Pelaksanaan pemilu serentak bisa dilangsungkan pada 2019, lanjut dia, asalkan revisi UU tersebut bisa selesai pada akhir tahun ini. "Kami sedang memikirkan bagaimana cara pelaksanaan yang masuk akal," tambah dia.
Pelaksanaan pilkada serentak tersebut, lanjut dia, akan memancing perdebatan tentang tata cara pelaksanaan pilkada dan pemilu nasional. "Pemilu yang dimungkinkan untuk 2014 adalah pelaksanaan pemilu legislatif dan presiden secara serentak, Ini memungkinkan karena sekarang masih ada 18 bulan sebelum pemilu," tuturnya.
Sedangkan untuk pemilu lokal dan nasional baru bisa terwujud pada 2019. Hal tersebut, ditambahkan dia, karena perlunya waktu untuk melakukan transisi kepemimpinan dan penyesuaian lainnya.
Pemilu serentak, kata Arif, juga membawa dampak positif dan negatif bagi parpol. Sisi positif karena parpol yang kalah mempunyai banyak waktu untuk memperbaiki diri, sedangkan negatifnya pemilu serentak merupakan hal yang berat bagi parpol yang kalah.

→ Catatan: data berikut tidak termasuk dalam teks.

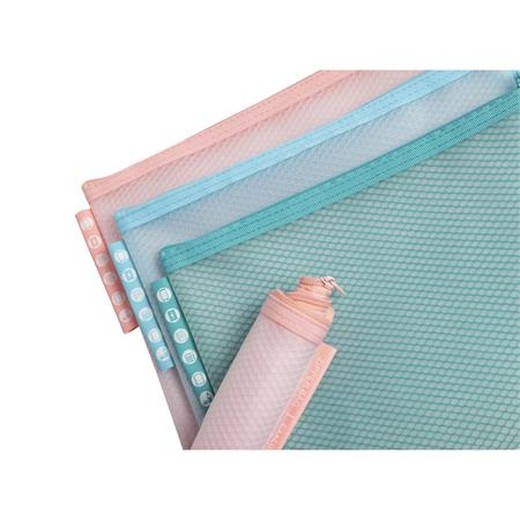 Organizačné vrecko so zipsom, sieťované, A5, EXACOMPTA "Chromaline Pastel", rôzne farby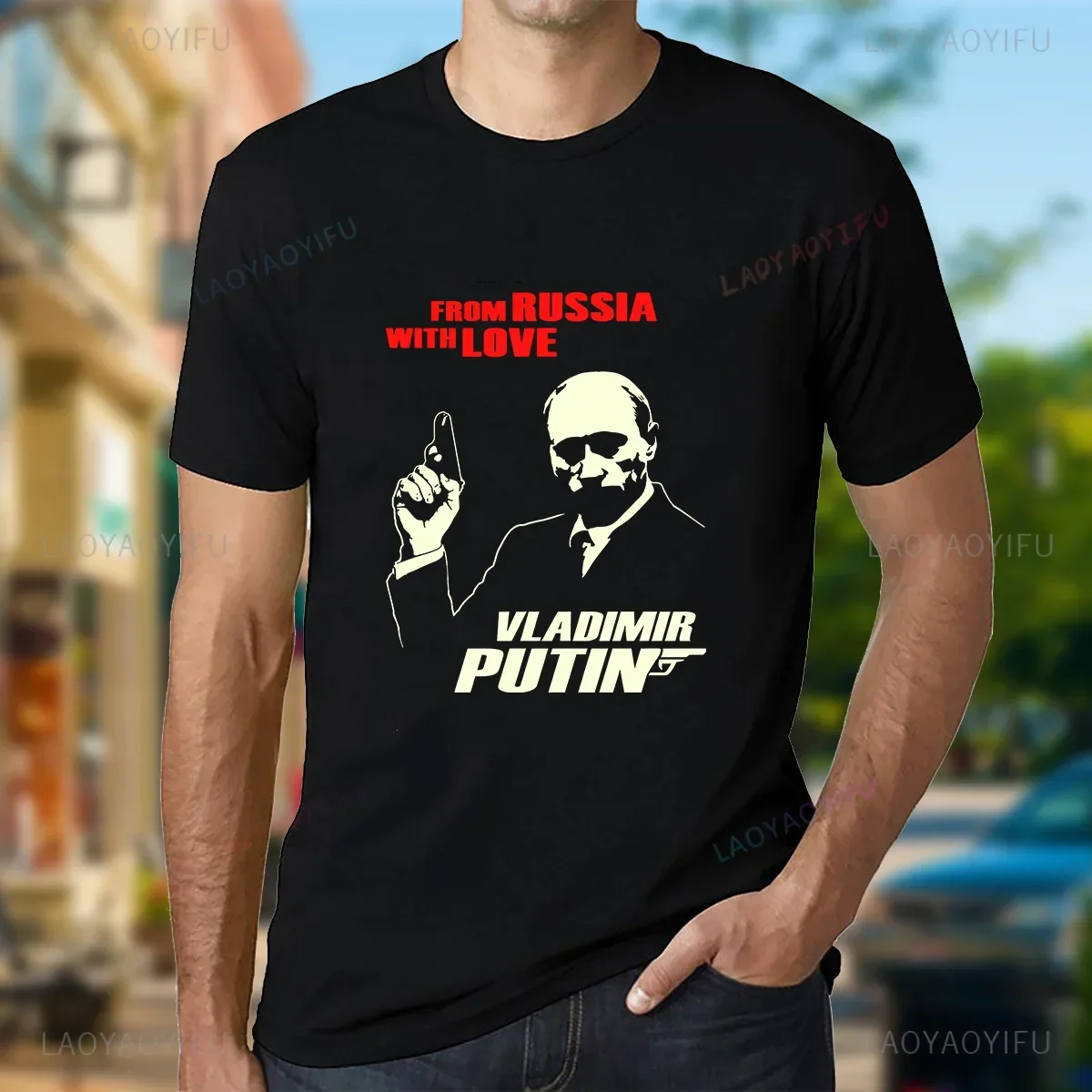 Funny T Shirt Men From Russia with Love Vladimir Putin Print Tops Humor Portrait Street Fashion Graphic T Shirts Cotton Tee Ropa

Anggota KPU, Hadar Nafis Gumay, menilai pelaksanaan pemilu serentak penting untuk segera diwujudkan. Menurut Hadar, ada dua model pelaksanaan pemilu serentak. Pertama adalah pelaksanaan pemilu legislatif dan presiden yang dilakukan serentak. Kemudian dilanjutkan dengan pemilihan kepala daerah yang juga dilakukan secara serentak.